SEC Media Days, the league’s annual preview of a fast-approaching football season, landed in Atlanta after more than three decades in the Birmingham, Ala., area.
The four-day event, at which more than 1,000 media members will hear from coaches and players representing the 14 SEC football teams, began Monday at the College Football Hall of Fame and the adjacent Omni Atlanta Hotel.
“We’re excited to bring one of our signature events to Atlanta,” SEC commissioner Greg Sankey said.

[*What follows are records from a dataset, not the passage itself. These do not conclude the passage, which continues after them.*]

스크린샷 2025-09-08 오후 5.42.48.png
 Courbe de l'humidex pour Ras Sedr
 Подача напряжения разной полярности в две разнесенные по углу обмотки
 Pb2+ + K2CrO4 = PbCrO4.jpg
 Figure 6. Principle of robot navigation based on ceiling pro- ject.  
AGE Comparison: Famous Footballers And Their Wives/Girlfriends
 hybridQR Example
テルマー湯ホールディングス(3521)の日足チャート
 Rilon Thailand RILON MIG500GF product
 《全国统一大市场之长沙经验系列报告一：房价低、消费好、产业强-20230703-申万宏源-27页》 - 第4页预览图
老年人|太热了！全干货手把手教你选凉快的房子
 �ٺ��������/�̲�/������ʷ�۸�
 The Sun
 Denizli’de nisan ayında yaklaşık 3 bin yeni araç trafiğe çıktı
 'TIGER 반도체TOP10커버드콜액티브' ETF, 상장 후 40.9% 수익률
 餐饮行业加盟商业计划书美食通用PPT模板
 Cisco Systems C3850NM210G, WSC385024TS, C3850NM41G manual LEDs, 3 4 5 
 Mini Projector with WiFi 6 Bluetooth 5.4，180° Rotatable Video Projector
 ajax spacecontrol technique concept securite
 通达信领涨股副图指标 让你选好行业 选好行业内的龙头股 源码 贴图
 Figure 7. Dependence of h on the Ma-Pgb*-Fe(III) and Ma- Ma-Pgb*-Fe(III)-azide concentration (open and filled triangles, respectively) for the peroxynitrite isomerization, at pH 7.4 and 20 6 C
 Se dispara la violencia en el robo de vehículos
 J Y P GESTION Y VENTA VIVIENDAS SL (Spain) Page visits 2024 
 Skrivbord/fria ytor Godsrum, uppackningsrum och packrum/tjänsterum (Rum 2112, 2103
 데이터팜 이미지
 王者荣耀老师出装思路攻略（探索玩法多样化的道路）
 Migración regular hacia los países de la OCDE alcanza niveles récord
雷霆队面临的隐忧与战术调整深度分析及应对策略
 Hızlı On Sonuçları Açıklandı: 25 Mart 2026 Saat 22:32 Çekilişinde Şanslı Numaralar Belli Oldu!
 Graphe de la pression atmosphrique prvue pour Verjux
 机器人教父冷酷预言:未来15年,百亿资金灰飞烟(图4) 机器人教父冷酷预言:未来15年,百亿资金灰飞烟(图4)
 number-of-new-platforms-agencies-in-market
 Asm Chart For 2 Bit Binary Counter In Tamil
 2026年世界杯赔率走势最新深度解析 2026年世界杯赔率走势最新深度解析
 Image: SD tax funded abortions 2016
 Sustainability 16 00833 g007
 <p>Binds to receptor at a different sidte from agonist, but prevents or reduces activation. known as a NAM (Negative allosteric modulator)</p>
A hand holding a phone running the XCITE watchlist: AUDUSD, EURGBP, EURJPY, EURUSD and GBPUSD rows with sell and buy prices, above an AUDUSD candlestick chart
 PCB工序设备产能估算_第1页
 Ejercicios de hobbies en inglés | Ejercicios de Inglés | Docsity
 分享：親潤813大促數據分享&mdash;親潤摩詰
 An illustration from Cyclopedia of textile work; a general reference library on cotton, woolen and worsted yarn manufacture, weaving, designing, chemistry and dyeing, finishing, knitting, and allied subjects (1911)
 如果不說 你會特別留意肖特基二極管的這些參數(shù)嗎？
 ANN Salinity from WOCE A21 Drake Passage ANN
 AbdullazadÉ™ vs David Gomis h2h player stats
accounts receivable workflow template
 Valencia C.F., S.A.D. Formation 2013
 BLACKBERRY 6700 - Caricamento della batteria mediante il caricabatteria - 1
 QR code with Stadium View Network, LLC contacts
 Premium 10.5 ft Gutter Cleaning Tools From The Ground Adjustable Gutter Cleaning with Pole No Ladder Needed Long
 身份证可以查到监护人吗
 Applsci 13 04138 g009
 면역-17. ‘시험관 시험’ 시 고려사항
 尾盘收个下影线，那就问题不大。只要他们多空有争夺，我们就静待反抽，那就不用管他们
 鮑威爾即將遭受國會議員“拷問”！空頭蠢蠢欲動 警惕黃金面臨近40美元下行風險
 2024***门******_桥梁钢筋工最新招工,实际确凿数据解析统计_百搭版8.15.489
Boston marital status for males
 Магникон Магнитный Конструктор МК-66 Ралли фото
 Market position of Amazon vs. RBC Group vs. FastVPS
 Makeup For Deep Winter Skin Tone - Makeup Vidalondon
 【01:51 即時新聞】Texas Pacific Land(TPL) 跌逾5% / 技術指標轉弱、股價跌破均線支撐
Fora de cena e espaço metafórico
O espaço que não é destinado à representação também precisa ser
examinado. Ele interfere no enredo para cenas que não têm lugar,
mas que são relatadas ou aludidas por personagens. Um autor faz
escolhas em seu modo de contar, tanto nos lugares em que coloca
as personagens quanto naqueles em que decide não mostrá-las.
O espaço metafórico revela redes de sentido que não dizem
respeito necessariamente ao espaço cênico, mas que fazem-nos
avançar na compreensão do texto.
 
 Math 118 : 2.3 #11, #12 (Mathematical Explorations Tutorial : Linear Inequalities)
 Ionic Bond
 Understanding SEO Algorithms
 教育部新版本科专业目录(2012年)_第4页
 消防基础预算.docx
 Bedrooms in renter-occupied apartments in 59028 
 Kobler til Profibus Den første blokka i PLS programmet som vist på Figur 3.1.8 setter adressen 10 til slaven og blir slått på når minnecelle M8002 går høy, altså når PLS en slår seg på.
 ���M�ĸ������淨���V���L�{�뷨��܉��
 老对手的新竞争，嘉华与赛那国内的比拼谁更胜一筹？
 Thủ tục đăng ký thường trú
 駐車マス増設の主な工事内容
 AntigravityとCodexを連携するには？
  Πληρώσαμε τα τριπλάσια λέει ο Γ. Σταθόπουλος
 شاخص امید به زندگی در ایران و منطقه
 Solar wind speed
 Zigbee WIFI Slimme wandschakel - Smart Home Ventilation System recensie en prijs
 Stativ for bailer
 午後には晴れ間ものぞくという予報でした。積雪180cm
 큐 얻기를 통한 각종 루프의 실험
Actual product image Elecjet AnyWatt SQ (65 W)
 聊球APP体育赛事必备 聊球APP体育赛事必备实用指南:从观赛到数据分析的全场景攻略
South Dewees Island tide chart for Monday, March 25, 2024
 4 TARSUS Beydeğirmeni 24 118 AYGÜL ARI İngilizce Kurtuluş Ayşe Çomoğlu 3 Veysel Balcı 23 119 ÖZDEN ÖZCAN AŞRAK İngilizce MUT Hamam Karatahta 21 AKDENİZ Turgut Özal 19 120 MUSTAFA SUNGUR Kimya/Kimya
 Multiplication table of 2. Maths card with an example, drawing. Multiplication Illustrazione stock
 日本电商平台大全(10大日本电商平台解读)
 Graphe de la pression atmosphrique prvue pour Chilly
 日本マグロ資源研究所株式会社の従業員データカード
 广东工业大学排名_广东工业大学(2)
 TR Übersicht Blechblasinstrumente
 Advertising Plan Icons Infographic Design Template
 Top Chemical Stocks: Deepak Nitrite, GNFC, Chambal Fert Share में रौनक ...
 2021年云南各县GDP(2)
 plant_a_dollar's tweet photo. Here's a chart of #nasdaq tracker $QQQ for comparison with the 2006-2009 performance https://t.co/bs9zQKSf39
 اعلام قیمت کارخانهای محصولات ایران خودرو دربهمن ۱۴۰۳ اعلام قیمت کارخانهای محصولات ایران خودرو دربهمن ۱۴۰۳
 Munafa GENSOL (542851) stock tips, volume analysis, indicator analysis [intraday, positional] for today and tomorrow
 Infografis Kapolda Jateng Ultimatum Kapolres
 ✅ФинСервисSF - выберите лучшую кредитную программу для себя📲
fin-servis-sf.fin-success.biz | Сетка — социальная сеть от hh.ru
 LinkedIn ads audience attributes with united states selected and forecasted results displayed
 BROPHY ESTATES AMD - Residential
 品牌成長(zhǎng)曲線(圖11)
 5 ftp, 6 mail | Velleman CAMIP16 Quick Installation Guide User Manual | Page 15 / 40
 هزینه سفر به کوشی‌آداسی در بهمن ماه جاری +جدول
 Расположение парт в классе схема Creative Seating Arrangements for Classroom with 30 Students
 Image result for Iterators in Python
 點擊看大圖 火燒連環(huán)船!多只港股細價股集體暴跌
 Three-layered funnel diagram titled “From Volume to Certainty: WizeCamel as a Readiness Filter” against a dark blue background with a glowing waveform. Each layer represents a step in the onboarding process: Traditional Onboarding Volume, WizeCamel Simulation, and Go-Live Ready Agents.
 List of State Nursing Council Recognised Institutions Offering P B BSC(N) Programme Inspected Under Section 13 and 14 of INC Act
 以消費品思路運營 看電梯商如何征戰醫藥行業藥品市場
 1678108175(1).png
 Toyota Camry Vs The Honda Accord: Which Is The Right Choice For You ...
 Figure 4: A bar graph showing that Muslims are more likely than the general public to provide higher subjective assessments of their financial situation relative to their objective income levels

The event had been held in Birmingham or neighboring Hoover, Ala., every year since 1985 and is scheduled to return to Hoover next year. Sites for 2020 and beyond haven’t been determined, but the SEC envisions moving the event around to various parts of the conference footprint. The Dallas area is considered a likely destination, and Atlanta officials hope to persuade the league to return the event here in some future year.
“I’ve been clear, in my mind, (there) is some portability,” Sankey said.
For this week, a blue carpet has been spread through the lobby of the Hall of Fame. Admission to that area is free for fans to greet arriving players and coaches as long as space is available. The lobby is expected to draw a crowd Tuesday morning when Georgia coach Kirby Smart and three UGA players make their Media Days appearances.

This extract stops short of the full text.